Here is Sean O'Connor's very brief overview.  The detail is a lot more complicated. The Planning Code runs to more than 3,500 pages!

If you want to make significant alterations to your French property, for example to put on a new extension, you will need, in your Purchase Contract a Suspensive Condition as to Outline Planning Permission for what you want to do. This in French is called a Certificat d'Urbanisme Positif or CU for short. Normally the Notaire or the Estate Agent will lodge the Application for you. The CU is valid for 18 months and thereafter renewable for one year at a time provided that the Planning Rules have not meanwhile changed. Quite often they do change. Applications for renewal must be lodged at least two months before the expiry of the validity period. A Building Permission is valid for two years, renewable for a third year, but not more. You will need an Architect if the floor surface area including the footprint exceeds 70m².
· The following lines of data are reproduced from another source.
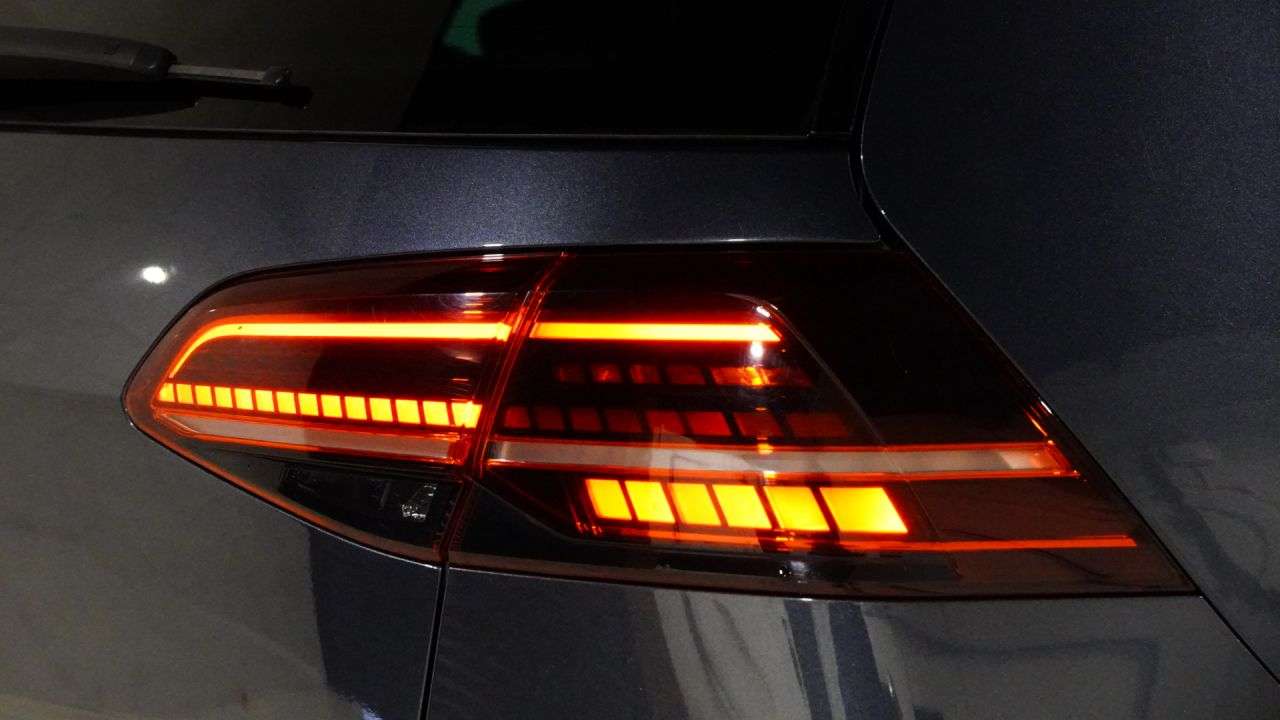 2019 VOLKSWAGEN GOLF 2019 VOLKSWAGEN GOLF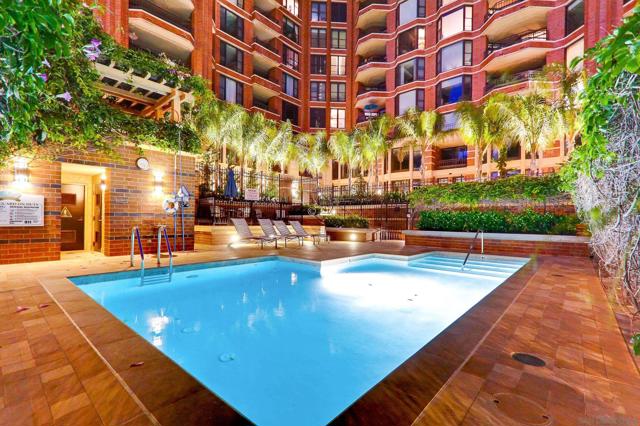 500 W Harbor Dr, San Diego CA: https://media.crmls.org/mediaz/890d60ba-b22e-4075-9696-4c26d233e7dd.jpg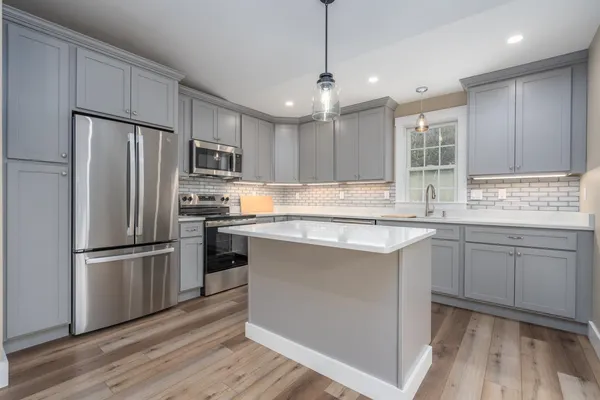 $2,000 | 115 Great Pine Circle, Unit B, Farmington, NH 03835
You probably, but here you need to be advised on a case by case basis, do not need a Suspensive Condition in your Contract for minor changes to the premises. In most instances, a prior declaration at the Town Hall [Mairie] will be required. The Mairie will then have one month within which to oppose the proposed works, but only on planning grounds, not arbitrarily. Certain very minor changes do not require any declaration at all. 

A Commune may or may not have a Land Development Plan. If it does not, a number of rather loose and easy general planning rules apply. There are two sorts of Land Development Plan in France. These are : a Plan d'Occupation des Sols or POS for short or a Plan Local d'Urbanisme or PLU for short. The POS are being phased out in favour of the PLU. The PLU is more detailed. You can usually form a fairly reliable expectation as to whether what you want to do will be permitted or not by ascertaining what zone on the POS or PLU your property is located in.